Это может нравиться или не нравиться, однако именно
американское библиотечное дело во второй половине XX века мощно двинула вперёд
библиотечные и информационные технологии, создало современную библиотечную
архитектуру, развило принципы деятельности публичной библиотеки,
сформулированные ещё в XIX веке. Возвысило престиж библиотеки и библиотечной
профессии до такого уровня, какого нам, с учётом всех последних веяний
российской бюджетной политики, по-видимому, уже никогда не достигнуть. Под
влиянием американских идей во всех частях света были понастроены эти
восхитительные библиотеки, перед обаянием которых, бывая за пределами России,
не могут устоять российские библиотекари. Ну, причём тут «чуждой опыт», который
— надо же! — «тесно завязан на чуждом
менталитете, чужой морали, истории, законодательной базе, на другом укладе
жизни», если только такие библиотеки, нужные и привлекательные для современных
людей, и могут выжить в современном мире? Что в этих библиотеках «чуждого для
нашего менталитета»? Уважение к читателю? Высокий уровень информатизации?

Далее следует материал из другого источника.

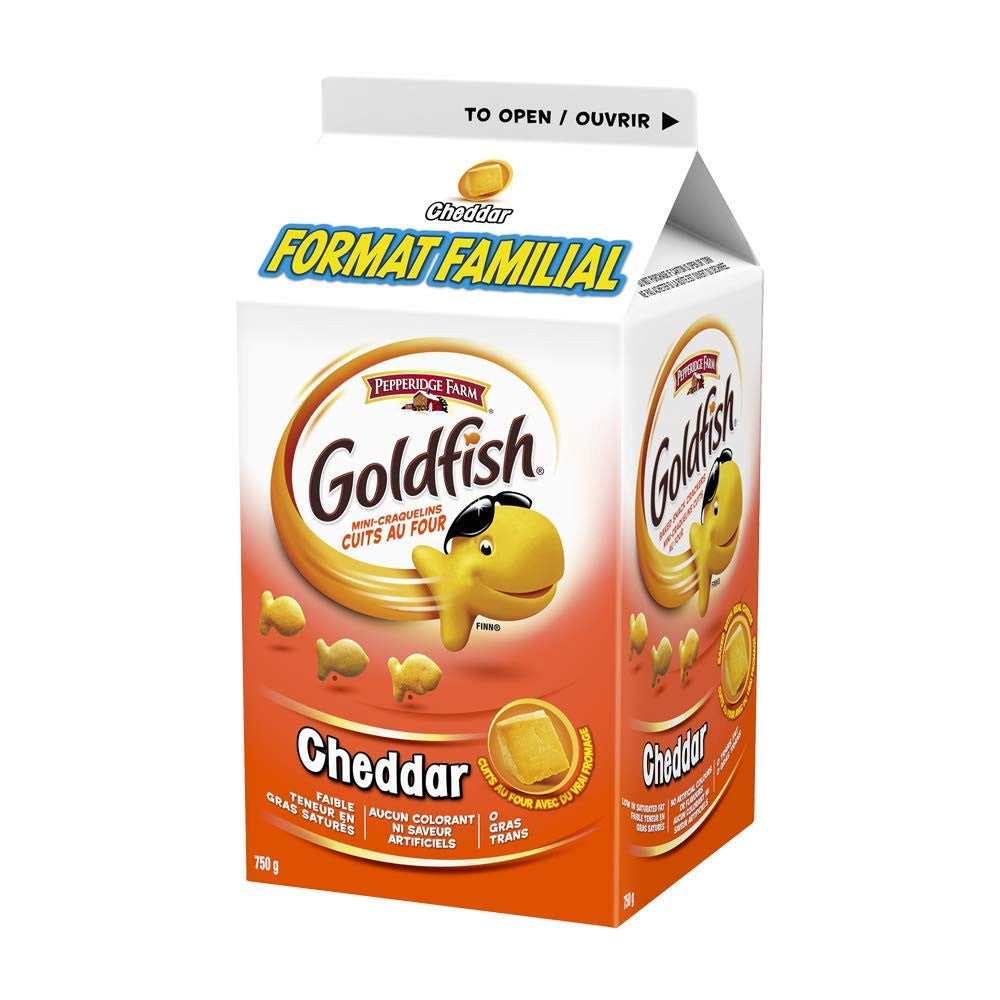Goldfish Family Size Cheddar Crackers, 750g/26.5 oz, Carton {Imported from Canada}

Быстро обновляемые фонды? Комфорт? Открытость для окружающего мира?
Не знаю, по какому именно поводу А. В. Соколов произнёс
слова о необходимости «изживания библиотечного кретинизма — нашей национальной
достопримечательности», но они очень подходят к нашему случаю. Я считаю
ксенофобию вообще и в библиотечном деле в частности непроходимой глупостью,
особенно в переживаемый нами исторический момент. Ведь если библиотекам в
России не воспользоваться мировым библиотечным опытом, большинство из них
попросту умрёт, и в самое неотдалённое время.
Закончить свою статью хочу словами русского классика В. Г.
Белинского, который в 1847 году написал в «Письме Гоголю»: «Россия видит своё
спасение /…/ в успехах цивилизации, просвещения, гуманности. Ей нужны /…/ не
проповеди…, не молитвы…, а пробуждение в народе чувства человеческого
достоинства, столько веков потерянного в грязи и навозе, права и законы,
сообразные … со здравым смыслом и справедливостью». Привожу эти слова, потому
что, с моей точки зрения, они замечательно выражают миссию современной
общедоступной (публичной) библиотеки, которая уже два десятилетия, вопреки
всему, в том числе косному профессиональному сознанию, формируется в России.
Кроме того, этой цитатой хочу подчеркнуть, что именно чувства человеческого
достоинства, здравого смысла и справедливости, к сожалению, недостаёт полемике,
которая ведётся в последние месяцы на страницах журнала «Библиотечное дело».